Vinieron a mi pensamiento algunas características de lo que puede significar una lengua materna para los individuos de forma subjetiva. Es probable que genere confianza, los lazos más fuertes de amor y confianza se producen en la infancia, inicialmente con los padres por lo que escuchar en la lengua de esos tiempos resulte un arrullo a la memoria y afectividad. Luego de ello, es factible que genere una sensación de direccionamiento o afirmación en el deber ser, lo que evoca principios de identidad y buena conducta, por supuesto, asociado a padres que crían con valores, procurando sujetos de bien.
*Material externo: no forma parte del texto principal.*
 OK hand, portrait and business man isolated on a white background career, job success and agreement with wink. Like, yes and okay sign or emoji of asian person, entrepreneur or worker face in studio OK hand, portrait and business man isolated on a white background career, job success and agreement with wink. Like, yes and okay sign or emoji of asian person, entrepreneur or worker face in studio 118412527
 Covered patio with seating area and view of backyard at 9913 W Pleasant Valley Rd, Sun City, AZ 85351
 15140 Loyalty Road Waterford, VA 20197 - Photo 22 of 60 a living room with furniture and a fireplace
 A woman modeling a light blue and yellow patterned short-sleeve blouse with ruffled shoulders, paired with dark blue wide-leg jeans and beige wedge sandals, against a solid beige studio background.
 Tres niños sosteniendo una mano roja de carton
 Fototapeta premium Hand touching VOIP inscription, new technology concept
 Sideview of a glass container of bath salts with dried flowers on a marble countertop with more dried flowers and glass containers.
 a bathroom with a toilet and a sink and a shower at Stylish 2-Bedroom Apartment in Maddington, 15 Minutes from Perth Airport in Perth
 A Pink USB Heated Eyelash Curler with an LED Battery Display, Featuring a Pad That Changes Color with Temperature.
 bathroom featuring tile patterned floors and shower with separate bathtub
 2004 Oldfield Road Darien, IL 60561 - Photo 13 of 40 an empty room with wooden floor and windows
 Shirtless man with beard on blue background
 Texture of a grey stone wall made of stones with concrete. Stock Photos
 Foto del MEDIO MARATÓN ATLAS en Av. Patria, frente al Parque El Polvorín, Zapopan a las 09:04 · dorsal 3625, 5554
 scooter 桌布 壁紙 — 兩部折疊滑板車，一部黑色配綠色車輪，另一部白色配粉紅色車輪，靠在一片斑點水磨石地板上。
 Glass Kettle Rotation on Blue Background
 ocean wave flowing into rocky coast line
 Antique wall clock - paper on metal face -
Por último, medité en la posibilidad de que el lenguaje materno genere una sensación de protección. Un padre por instinto protege y preserva la vida, pese a las fallas o situaciones apremiantes que suscita la concurrencia de los hechos, y las buenas o malas decisiones de sus hijos.
Aunque para algunos pensadores esto no signifique nada, hay un fin con lo que planteo. Intento expresar la necesidad de que todos escuchemos en la lengua materna de nuestro ser. Ésta solo puede ser el amor, no cualquier amor limítrofe junto a condiciones senescentes vitales, sino el amor eterno, que fundamenta la intervención divina en la conducción caótica de la humanidad. Ese amor que profesan quienes ha experimentado y comentan abiertamente encuentros espirituales con el creador, cuyas vidas llegan a ser cambiadas por completo, con la convicción de que hay mucho más de lo que en ocasiones estamos dispuestos a ver.
En esta valiosa oportunidad, me propongo esparcir la semilla de reconocimiento colectivo, que necesitamos una intervención divina como la que se vivió en Pentecostés. Donde, sin ser llamados todos se sintieron convocados, y un lenguaje familiar que probablemente les evocaba sensaciones de afirmación en identidad, afectividad, confianza y protección les arropó. Un día como ese cambió la vida a quienes lo experimentaron, y quizás otro día como tal también nos cambie la vida a esta generación, que ha sido embestida en la esperanza y sufre una especie de síndrome de Estocolmo, ante el secuestro de la atención y tiempo, los cuales se constituyen como única riqueza de administración autónoma.